[DATASET ENTRIES — start]
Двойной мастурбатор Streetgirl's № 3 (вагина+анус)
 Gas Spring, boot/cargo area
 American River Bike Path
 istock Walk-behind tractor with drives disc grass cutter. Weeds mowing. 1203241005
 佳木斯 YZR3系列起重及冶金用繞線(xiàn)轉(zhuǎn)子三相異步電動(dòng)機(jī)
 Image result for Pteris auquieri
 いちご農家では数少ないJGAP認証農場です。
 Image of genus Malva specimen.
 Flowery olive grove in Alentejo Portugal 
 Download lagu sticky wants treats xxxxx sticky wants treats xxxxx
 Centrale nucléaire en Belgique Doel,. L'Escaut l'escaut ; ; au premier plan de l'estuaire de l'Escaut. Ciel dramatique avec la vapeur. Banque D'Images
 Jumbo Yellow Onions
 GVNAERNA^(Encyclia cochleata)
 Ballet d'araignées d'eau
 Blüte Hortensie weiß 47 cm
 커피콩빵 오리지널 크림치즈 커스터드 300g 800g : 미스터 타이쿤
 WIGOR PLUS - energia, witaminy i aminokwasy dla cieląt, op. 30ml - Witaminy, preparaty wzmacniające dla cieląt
[DATASET ENTRIES — finish]
Exact copies of the lines from the one containing "커피콩빵 오리지널 크림치즈 커스터드 300g 800g : 미스터 타이쿤" through the final line of the records are all the answer should hold.

WRITTEN REPLY
 커피콩빵 오리지널 크림치즈 커스터드 300g 800g : 미스터 타이쿤
 WIGOR PLUS - energia, witaminy i aminokwasy dla cieląt, op. 30ml - Witaminy, preparaty wzmacniające dla cieląt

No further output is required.